Umar bin Khattab RA

umar-bin-khattabLahir di Makkah tahun 579 M, Umar bin Khattab RA adalah sahabat Nabi SAW sekaligus seorang tokoh Quraisy yang sangat terkenal dengan wataknya yang keras.

“Jika akan ada nabi setelahku, maka ia adalah Umar.” – Muhammad SAW

Umar bin Khattab RA berasal dari keluarga kelas menengah Quraisy. Ayahnya yang bernama Khattab ibn Nufayl adalah seorang saudagar dan pemeluk polytheism yang taat. Ayahnya merupakan keturunan Banu Adiy sementara ibunya yang bernama Hantama bint Hisham berasal dari Banu Makhzum.

Ayahnya mendidik Umar RA dan saudara-saudaranya yang lain dengan disiplin. Umar bin Khattab RA pernah berkata, “Ayahku, Al-Khattab, adalah seseorang yang keras. Dia selalu membuatku bekerja keras. Kalau aku tidak bekerja, dia suka memukulku dan membuatku bekerja hingga keletihan.”
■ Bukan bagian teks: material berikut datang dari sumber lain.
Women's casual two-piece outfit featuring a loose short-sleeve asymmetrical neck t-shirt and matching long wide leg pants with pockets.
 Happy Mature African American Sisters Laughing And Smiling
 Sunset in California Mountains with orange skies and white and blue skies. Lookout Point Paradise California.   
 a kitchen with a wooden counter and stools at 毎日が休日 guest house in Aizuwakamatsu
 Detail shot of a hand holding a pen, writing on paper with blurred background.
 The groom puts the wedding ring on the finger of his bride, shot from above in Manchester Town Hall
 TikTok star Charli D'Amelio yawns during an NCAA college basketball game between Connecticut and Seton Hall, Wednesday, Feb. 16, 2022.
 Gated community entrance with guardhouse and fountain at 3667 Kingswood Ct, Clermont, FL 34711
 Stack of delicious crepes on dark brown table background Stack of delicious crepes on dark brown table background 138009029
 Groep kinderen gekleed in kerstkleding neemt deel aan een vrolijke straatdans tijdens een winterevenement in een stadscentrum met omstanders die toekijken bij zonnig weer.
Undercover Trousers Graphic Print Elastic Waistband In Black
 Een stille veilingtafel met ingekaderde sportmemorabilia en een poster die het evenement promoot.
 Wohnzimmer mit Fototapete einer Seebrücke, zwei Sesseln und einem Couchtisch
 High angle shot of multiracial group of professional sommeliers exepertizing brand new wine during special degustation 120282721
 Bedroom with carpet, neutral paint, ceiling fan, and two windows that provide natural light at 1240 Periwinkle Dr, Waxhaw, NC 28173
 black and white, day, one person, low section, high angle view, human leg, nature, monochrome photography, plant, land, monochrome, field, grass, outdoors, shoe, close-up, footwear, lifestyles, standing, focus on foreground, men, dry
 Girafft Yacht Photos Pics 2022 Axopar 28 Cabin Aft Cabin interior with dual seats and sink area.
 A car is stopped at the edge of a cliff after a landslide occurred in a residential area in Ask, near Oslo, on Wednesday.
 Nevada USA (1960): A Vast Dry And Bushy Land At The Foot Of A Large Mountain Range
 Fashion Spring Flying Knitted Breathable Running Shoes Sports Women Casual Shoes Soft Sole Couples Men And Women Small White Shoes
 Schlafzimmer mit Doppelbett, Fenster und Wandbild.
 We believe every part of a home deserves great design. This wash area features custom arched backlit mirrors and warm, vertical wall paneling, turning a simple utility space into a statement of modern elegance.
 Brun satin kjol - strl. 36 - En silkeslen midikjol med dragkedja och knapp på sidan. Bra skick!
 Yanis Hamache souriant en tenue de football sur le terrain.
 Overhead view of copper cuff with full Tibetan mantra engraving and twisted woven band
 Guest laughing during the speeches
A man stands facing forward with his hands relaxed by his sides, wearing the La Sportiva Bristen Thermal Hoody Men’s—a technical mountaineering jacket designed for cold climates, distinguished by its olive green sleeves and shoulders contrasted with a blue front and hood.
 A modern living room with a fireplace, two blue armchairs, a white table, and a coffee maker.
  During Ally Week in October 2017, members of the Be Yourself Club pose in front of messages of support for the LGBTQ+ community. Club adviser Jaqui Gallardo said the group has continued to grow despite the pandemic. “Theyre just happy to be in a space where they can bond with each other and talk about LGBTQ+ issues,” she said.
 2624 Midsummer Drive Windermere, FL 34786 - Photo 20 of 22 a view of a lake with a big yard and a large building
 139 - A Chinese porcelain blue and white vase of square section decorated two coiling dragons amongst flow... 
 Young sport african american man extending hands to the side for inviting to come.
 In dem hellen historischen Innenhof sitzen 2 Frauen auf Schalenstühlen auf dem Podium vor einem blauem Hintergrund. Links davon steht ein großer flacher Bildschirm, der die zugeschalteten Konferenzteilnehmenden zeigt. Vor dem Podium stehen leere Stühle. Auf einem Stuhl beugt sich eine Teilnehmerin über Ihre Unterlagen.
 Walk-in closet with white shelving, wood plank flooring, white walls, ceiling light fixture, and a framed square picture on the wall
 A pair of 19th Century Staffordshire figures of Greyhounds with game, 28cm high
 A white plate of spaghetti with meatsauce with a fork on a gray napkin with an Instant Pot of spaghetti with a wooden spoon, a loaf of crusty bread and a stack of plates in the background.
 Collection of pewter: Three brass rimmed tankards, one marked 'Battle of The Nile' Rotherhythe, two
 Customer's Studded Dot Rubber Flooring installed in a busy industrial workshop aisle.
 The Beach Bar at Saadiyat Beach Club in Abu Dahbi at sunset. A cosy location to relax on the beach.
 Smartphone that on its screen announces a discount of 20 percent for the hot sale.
Secara fisik, Umar bin Khattab RA adalah seseorang yang berperawakan tinggi dan besar. Dia berjalan dengan langkah kakinya yang cepat, seperti seseorang yang berjalan dengan tergesa-gesa. Dia berbicara dengan suara yang tegas, dan dia memukul dengan tenaga. Tetapi dibalik wataknya yang keras ada kelembutan hati yang sangat perasa. Kebenaran selalu mengalir dari lidahnya seolah-olah para malaikat berbicara padanya. Dia menegakkan pilar-pilar keadilan, dan dia adalah sosok pemimpin ummah yang ideal.

Masa Muda

Seperti kebanyakan pemuda-pemuda Quraisy lainnya, Umar bin Khattab RA pun bekerja untuk keluarganya. Dia mengembalakan unta dan domba milik kaumnya. Disamping itu, dia juga seorang pengumpul kayu bakar. Setelah dewasa, barulah Umar RA mulai berpikir untuk menjadi seorang pedagang (merchant).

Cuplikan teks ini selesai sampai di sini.